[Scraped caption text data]
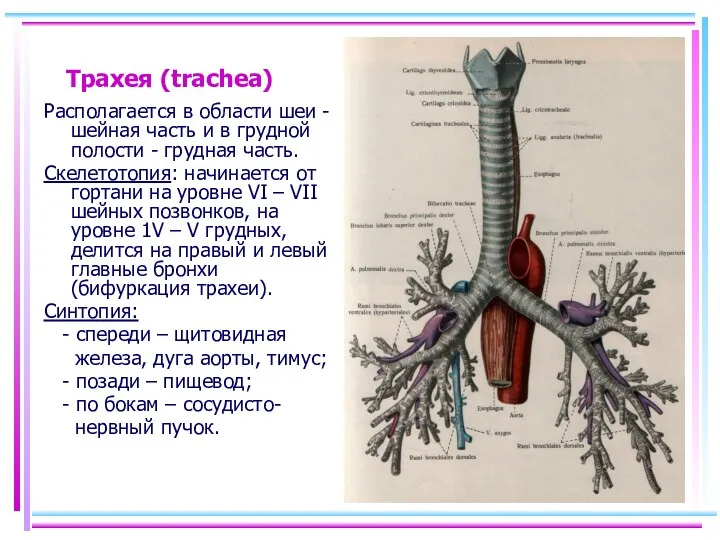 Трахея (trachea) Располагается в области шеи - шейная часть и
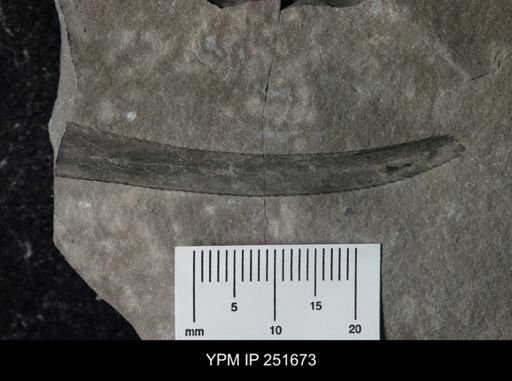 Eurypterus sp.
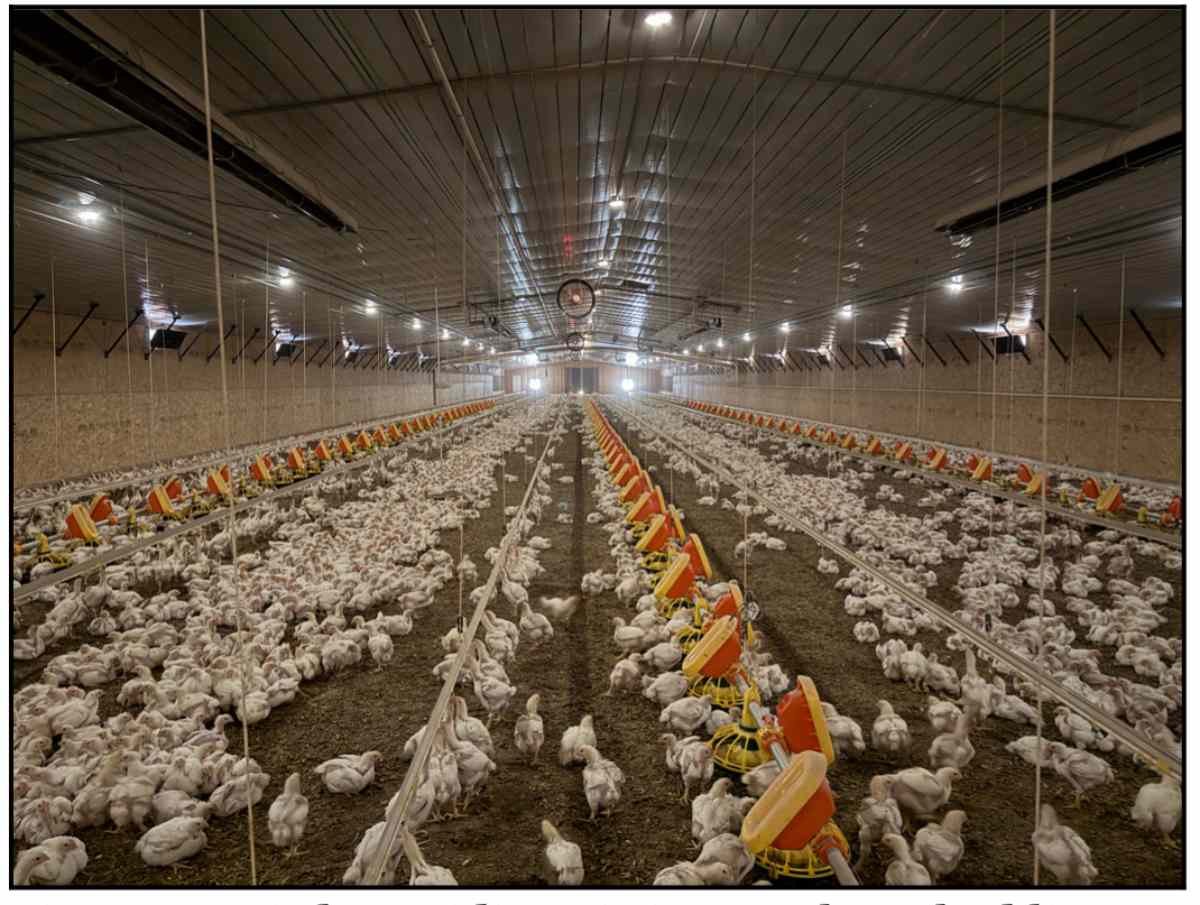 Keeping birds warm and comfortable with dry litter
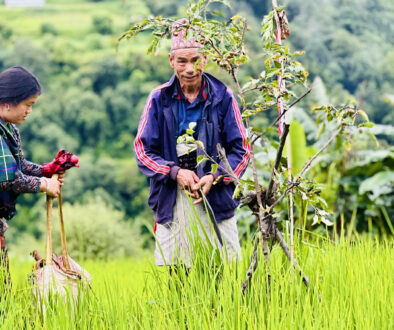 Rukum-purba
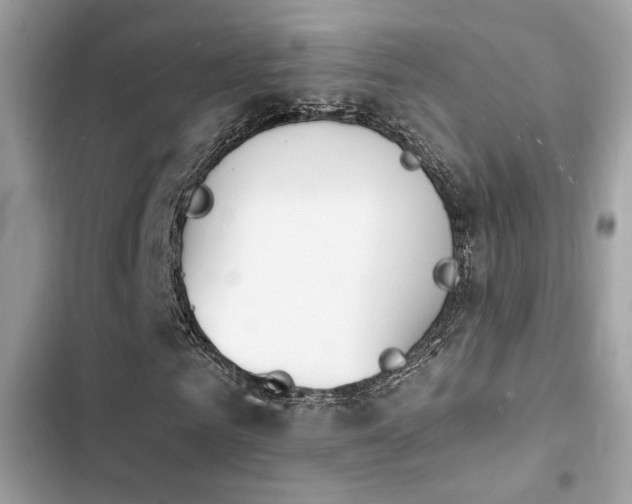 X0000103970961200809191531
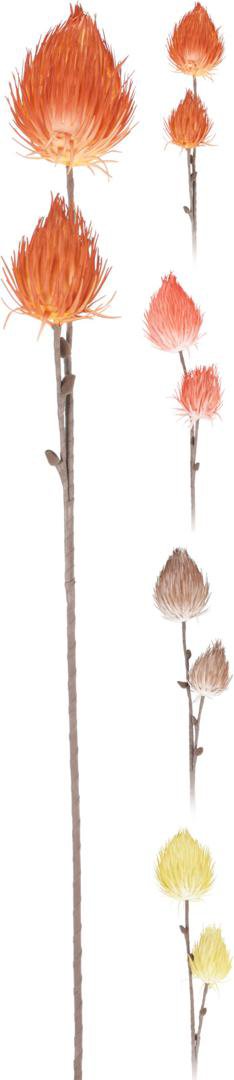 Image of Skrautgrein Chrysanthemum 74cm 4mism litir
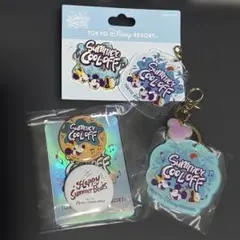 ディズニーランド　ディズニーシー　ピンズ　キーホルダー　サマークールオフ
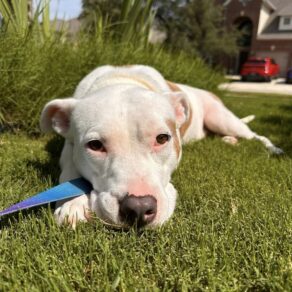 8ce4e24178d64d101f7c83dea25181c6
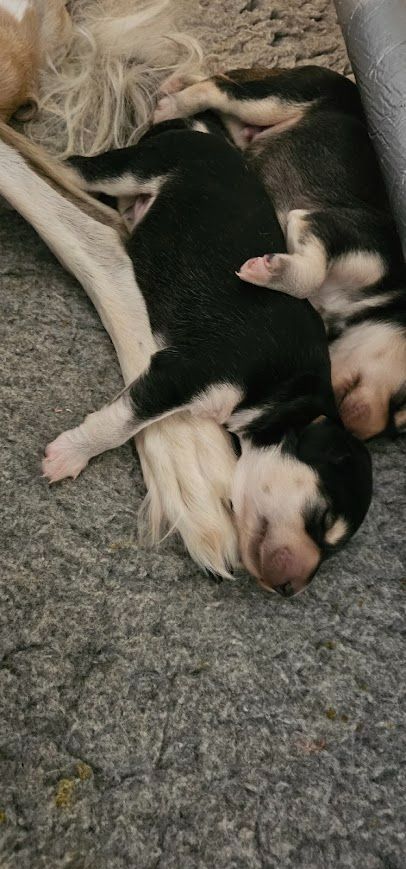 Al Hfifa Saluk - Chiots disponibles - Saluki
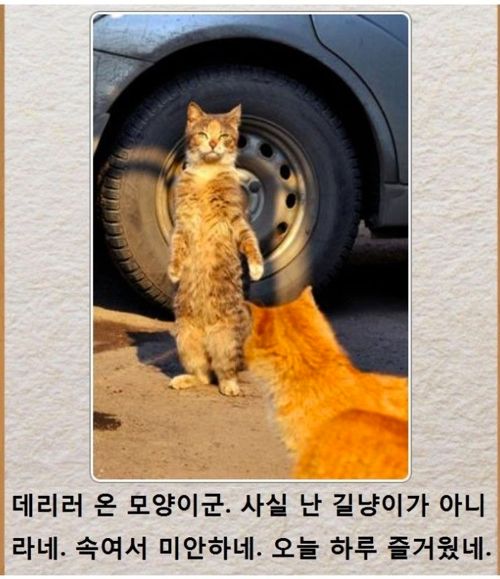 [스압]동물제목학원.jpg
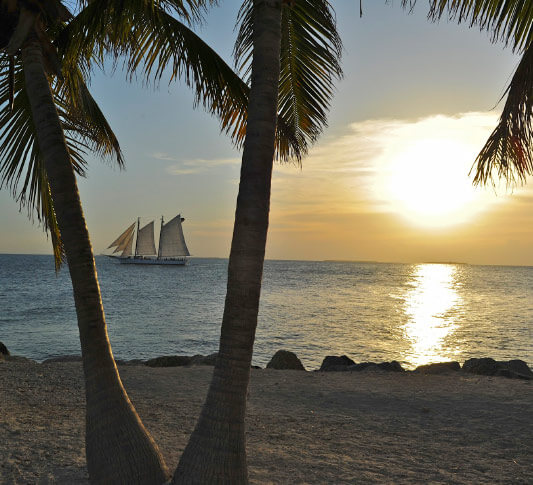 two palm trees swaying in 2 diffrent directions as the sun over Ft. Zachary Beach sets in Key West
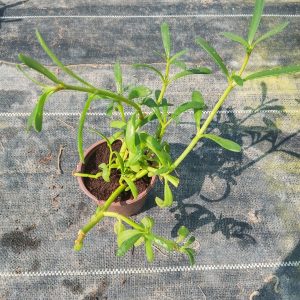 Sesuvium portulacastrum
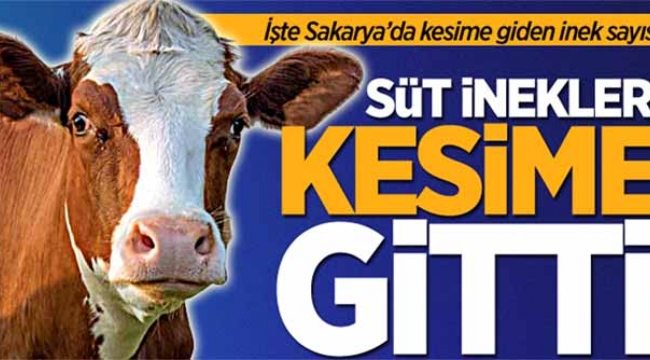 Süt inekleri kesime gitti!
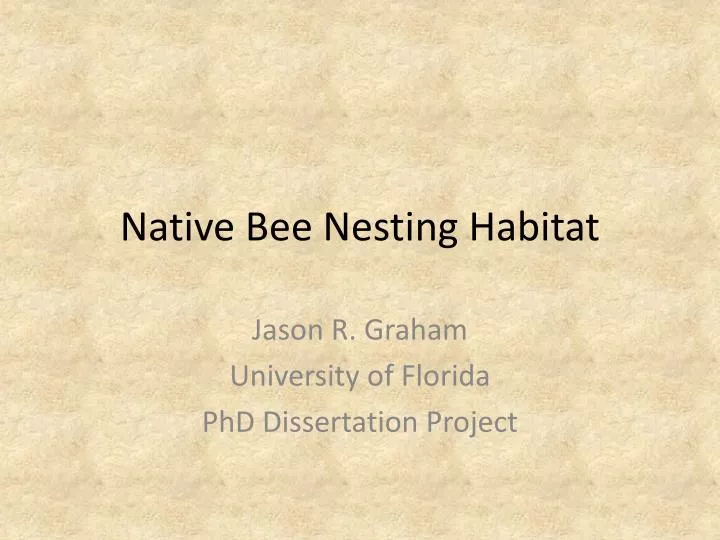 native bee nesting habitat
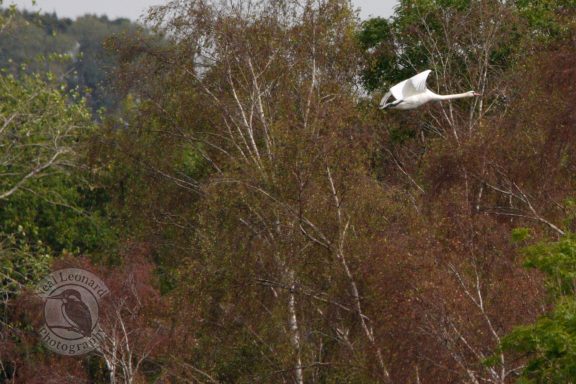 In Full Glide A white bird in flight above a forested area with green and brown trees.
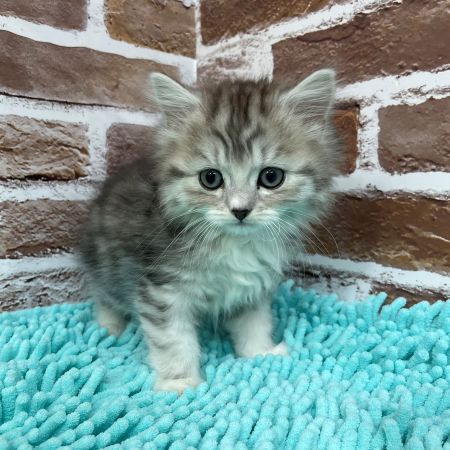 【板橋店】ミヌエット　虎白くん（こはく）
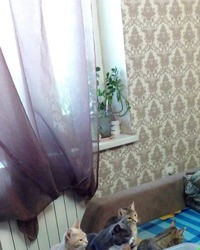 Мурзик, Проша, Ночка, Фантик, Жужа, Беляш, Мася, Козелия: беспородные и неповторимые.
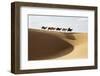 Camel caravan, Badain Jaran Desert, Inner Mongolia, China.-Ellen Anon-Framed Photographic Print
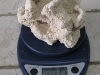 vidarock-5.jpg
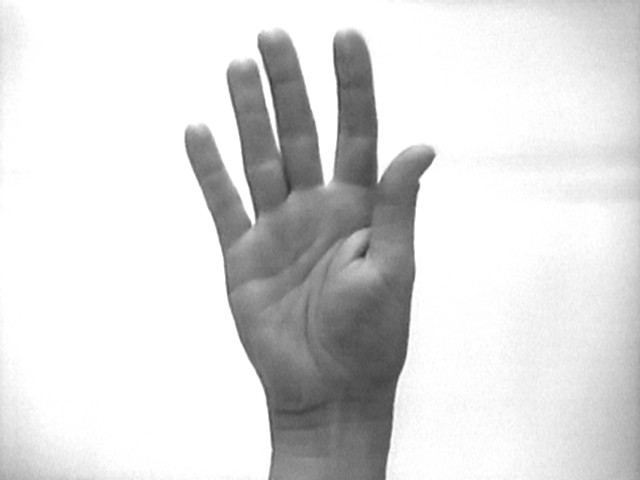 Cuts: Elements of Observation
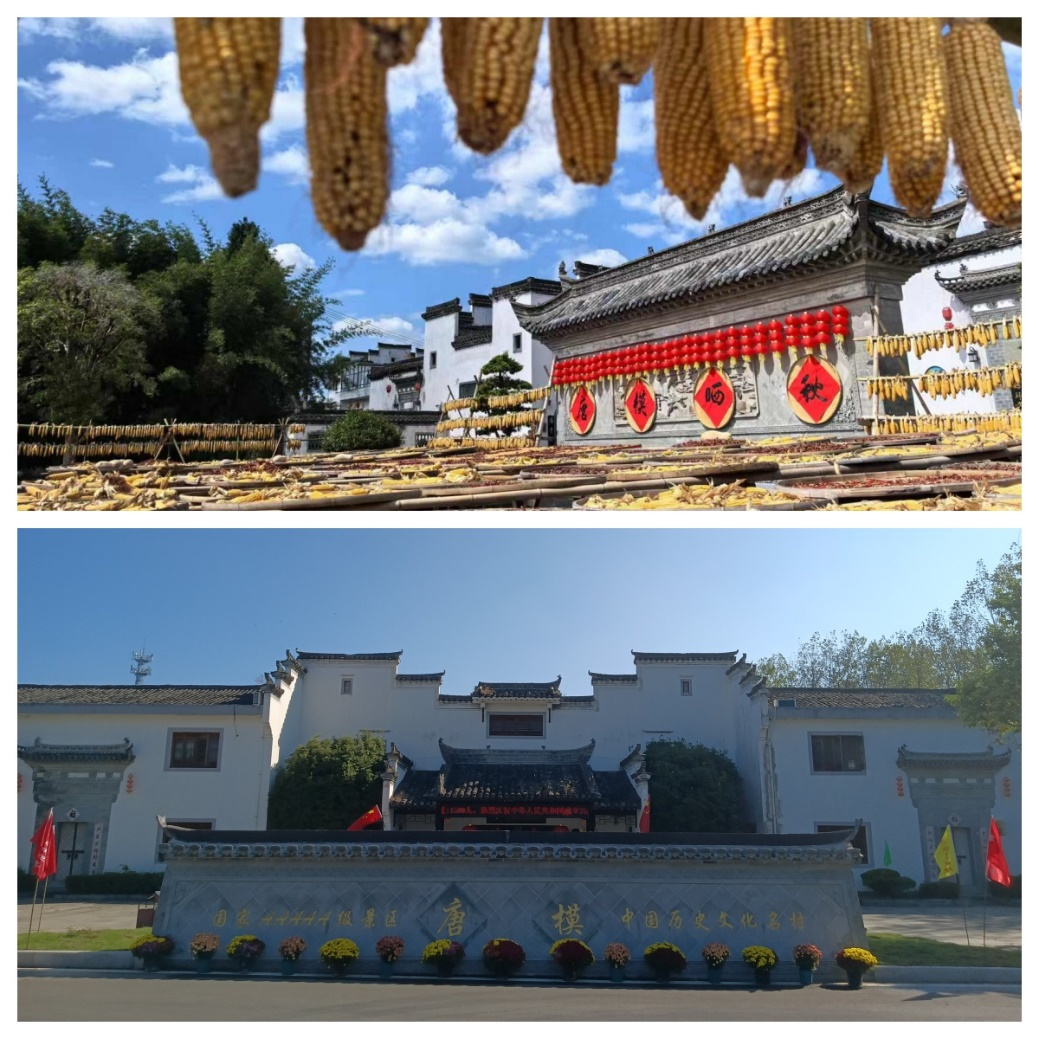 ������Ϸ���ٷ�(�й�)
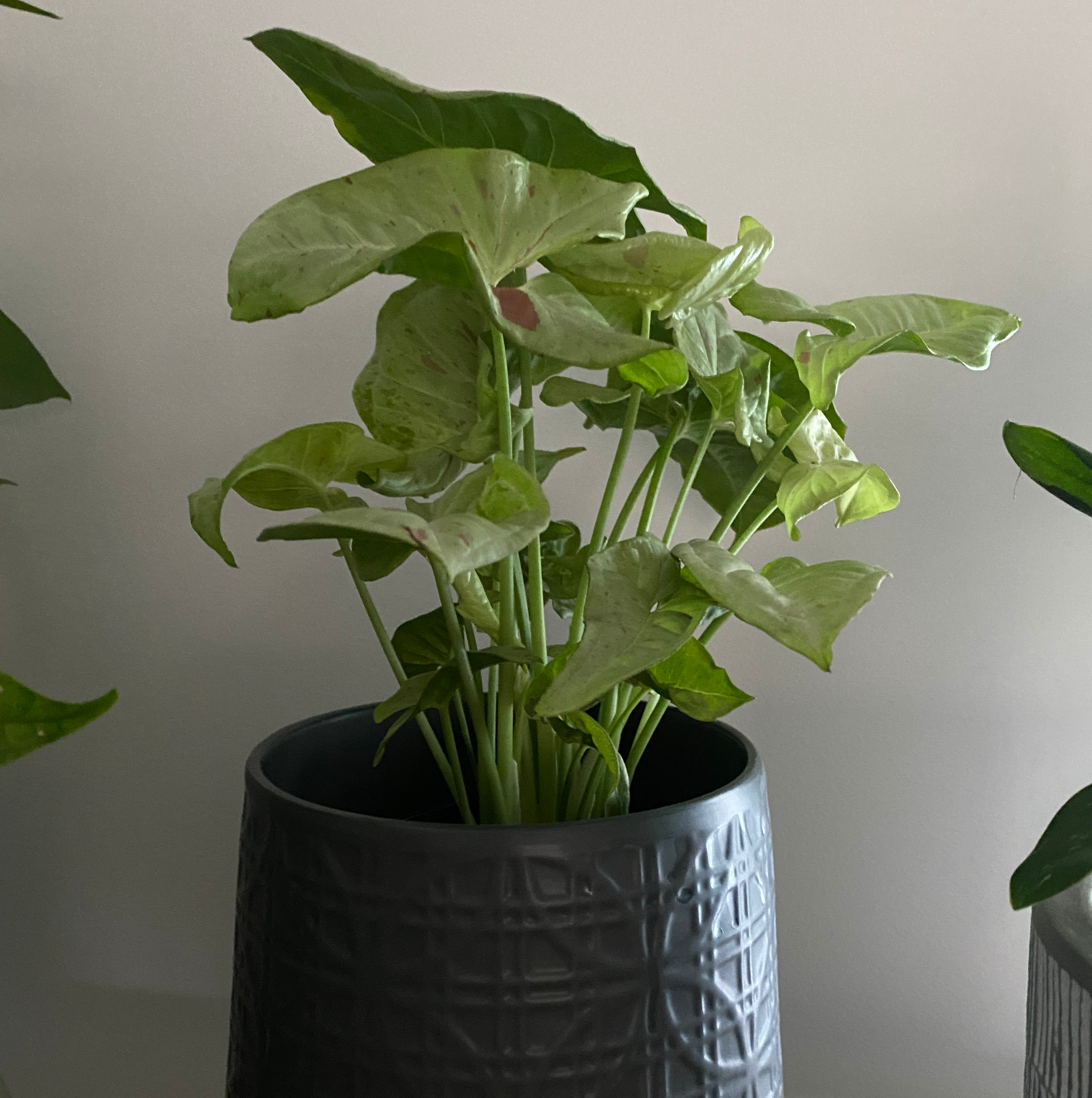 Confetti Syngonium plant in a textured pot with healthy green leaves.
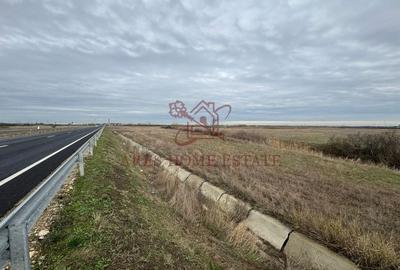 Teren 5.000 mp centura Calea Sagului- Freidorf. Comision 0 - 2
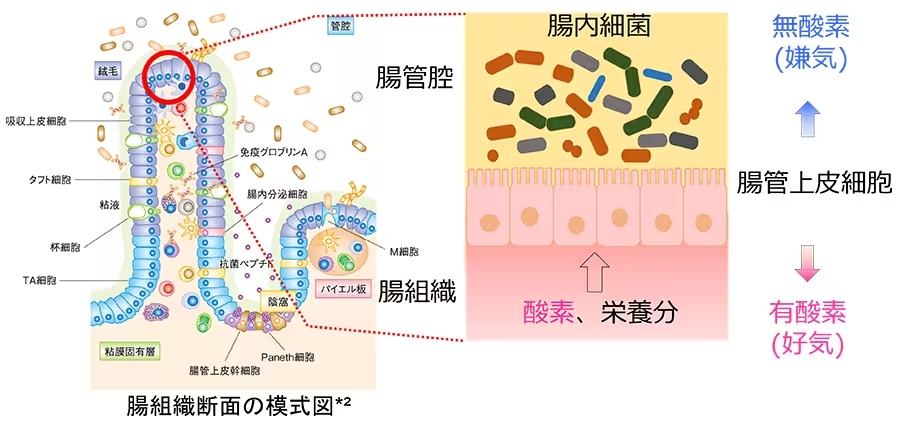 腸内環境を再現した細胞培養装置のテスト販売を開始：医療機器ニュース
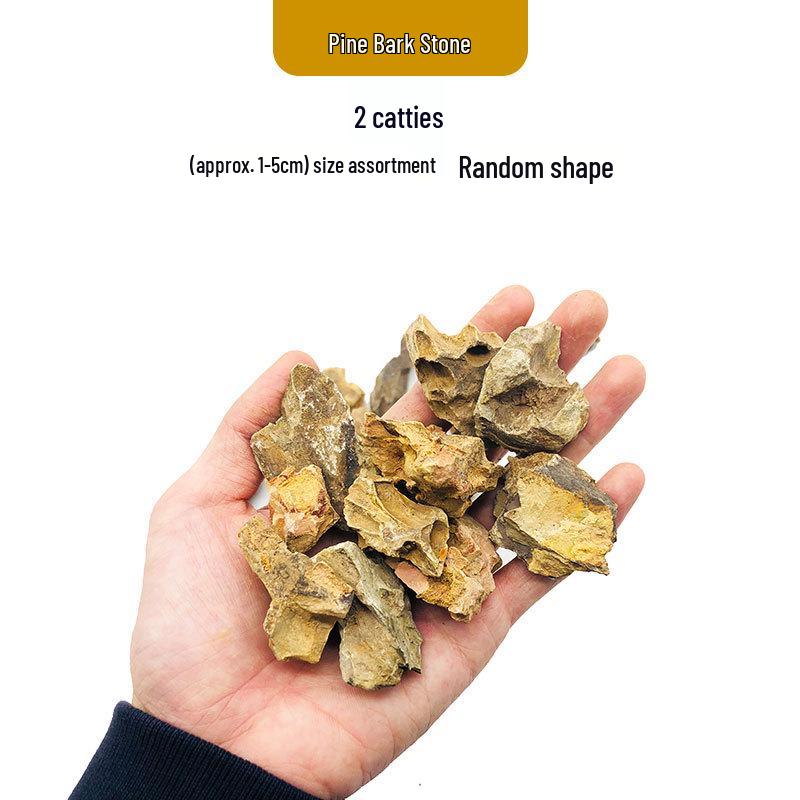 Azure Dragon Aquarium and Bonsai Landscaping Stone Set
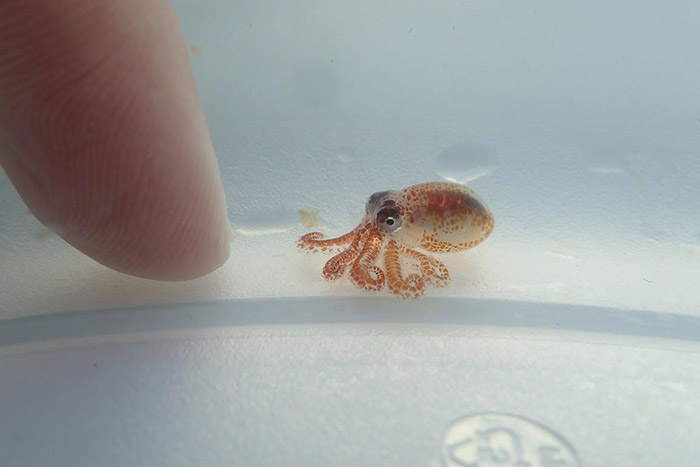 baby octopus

- Your instructions -
Starting at the line above that holds "8ce4e24178d64d101f7c83dea25181c6", repeat every line exactly down to and including the line that holds "Süt inekleri kesime gitti!", then stop. Do not carry over any pictures.

- Output of the exercise -
 8ce4e24178d64d101f7c83dea25181c6
 Al Hfifa Saluk - Chiots disponibles - Saluki
 [스압]동물제목학원.jpg
 two palm trees swaying in 2 diffrent directions as the sun over Ft. Zachary Beach sets in Key West
 Sesuvium portulacastrum
 Süt inekleri kesime gitti!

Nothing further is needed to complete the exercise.